**Listed records**
=== Section Start ===

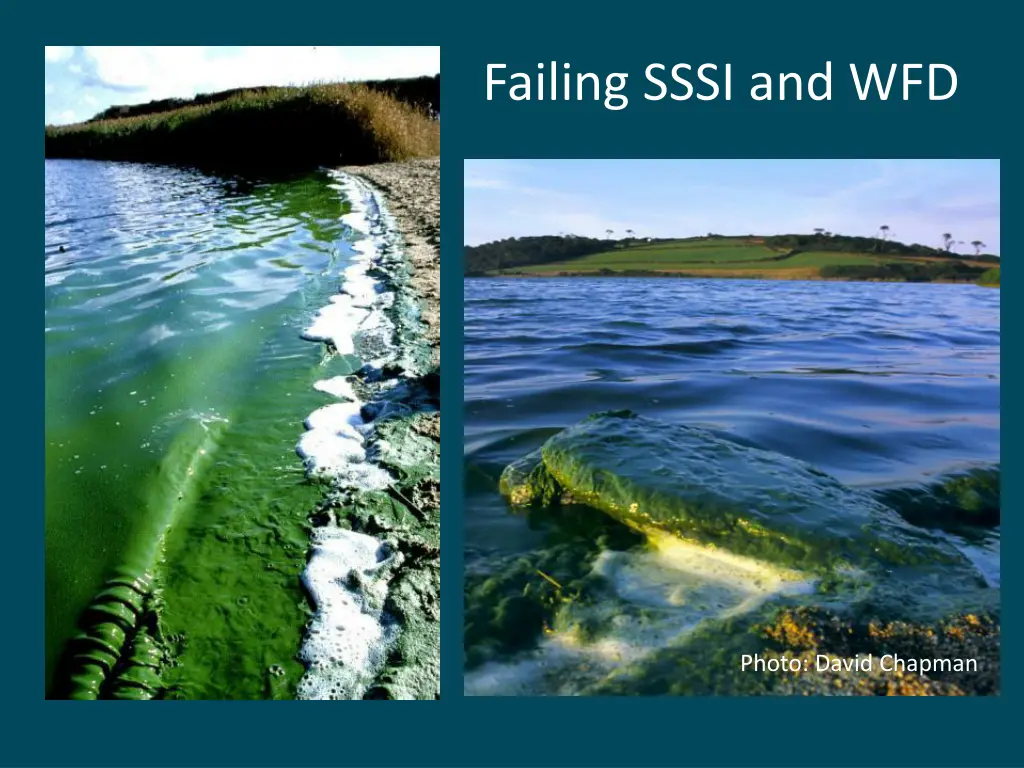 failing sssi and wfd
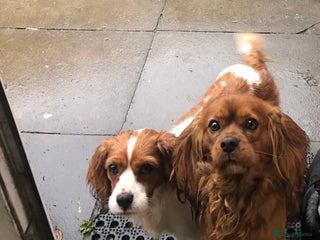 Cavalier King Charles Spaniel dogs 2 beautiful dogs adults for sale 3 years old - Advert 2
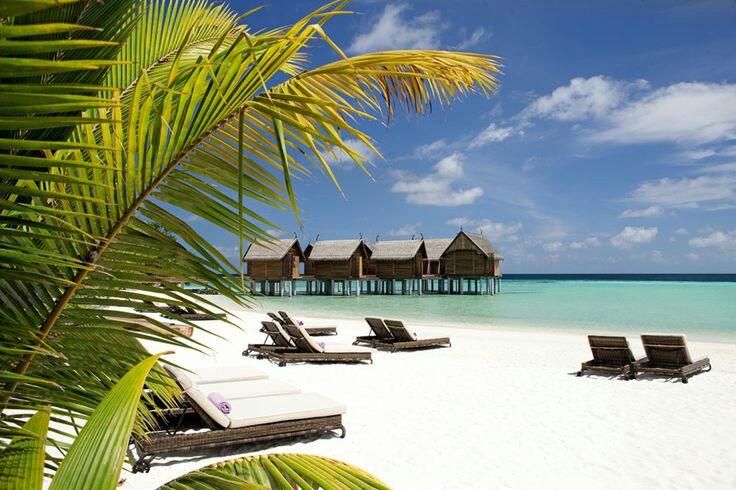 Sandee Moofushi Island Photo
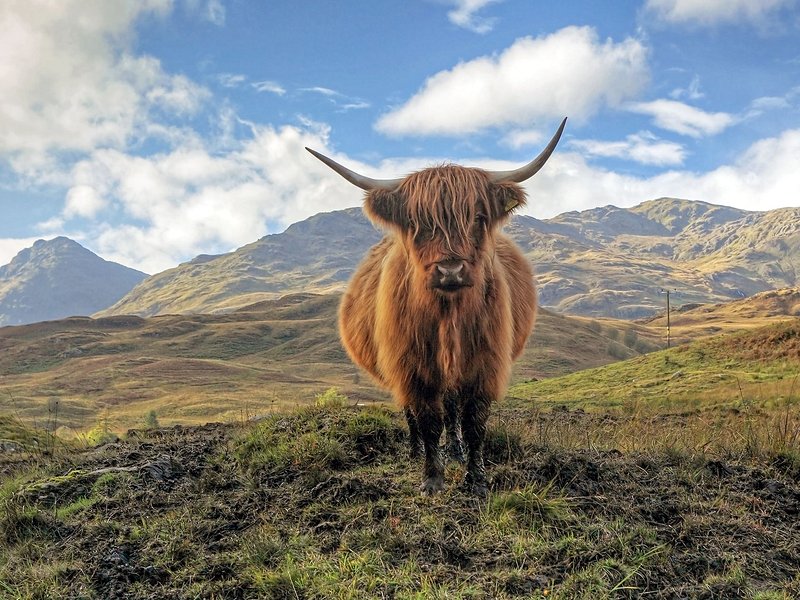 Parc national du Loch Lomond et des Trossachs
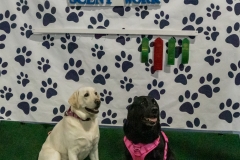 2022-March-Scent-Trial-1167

=== Section End ===
=== Section Start ===

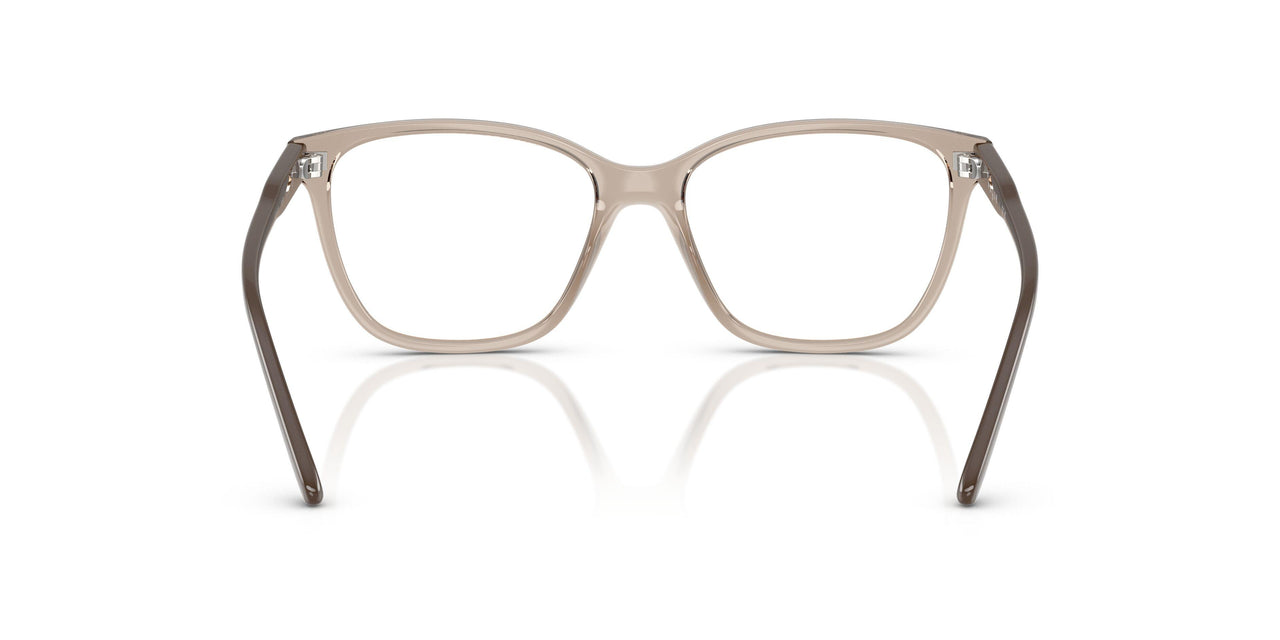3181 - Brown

=== Section End ===
=== Section Start ===

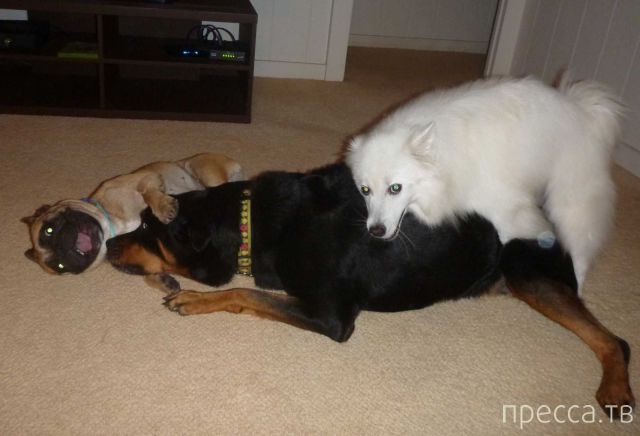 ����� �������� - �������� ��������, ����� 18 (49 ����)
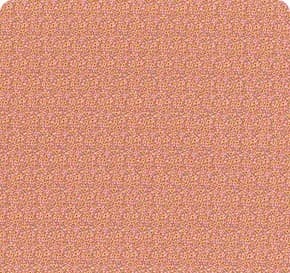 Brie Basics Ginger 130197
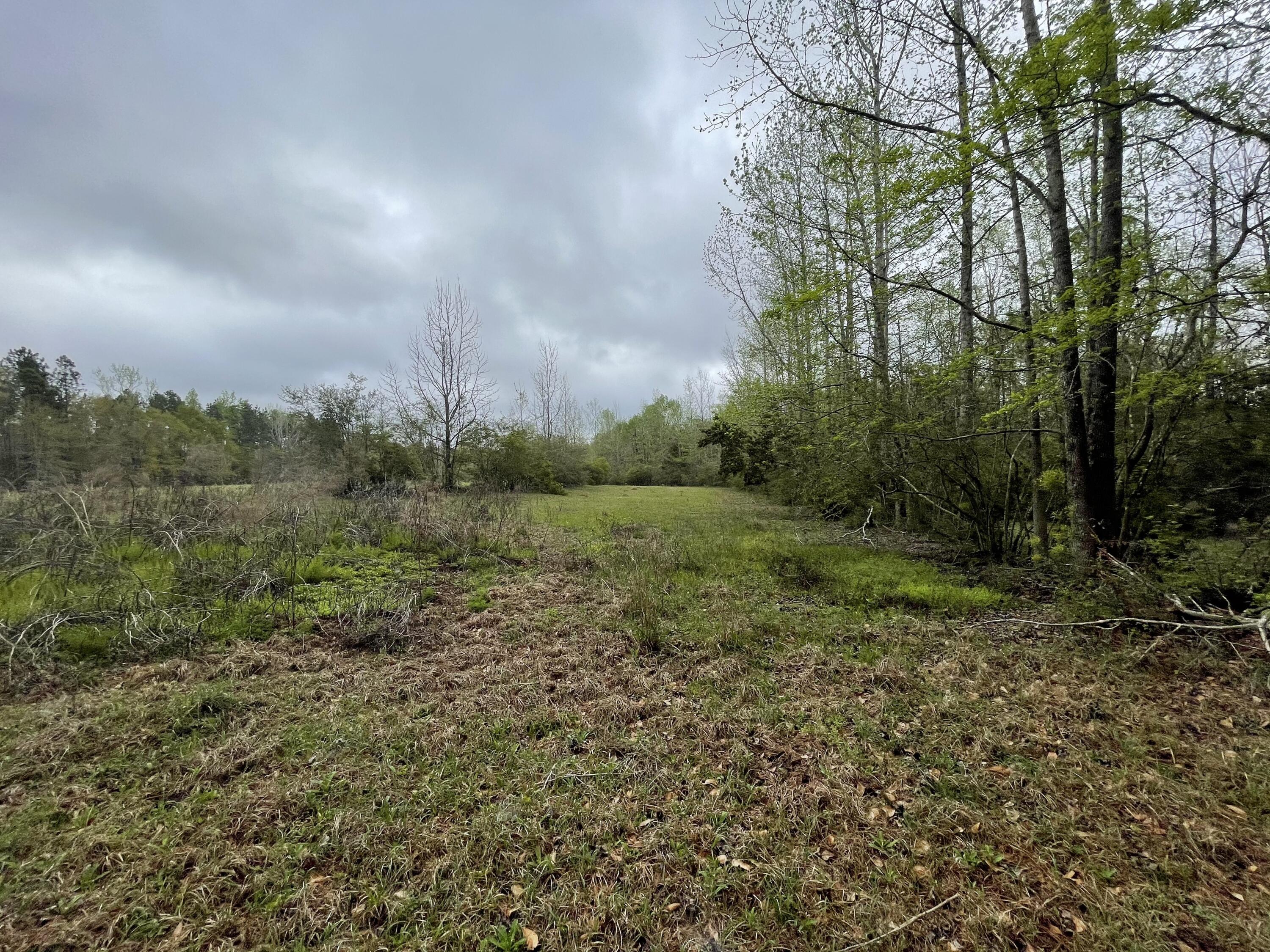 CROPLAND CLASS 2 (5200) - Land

=== Section End ===

**Task description**
From the material above, give again exactly the lines from the one that contains "Parc national du" through the one that contains "2022-March-Scent-Trial-1167", and leave out the pictures.

**Completed exercise**
 Parc national du Loch Lomond et des Trossachs
 2022-March-Scent-Trial-1167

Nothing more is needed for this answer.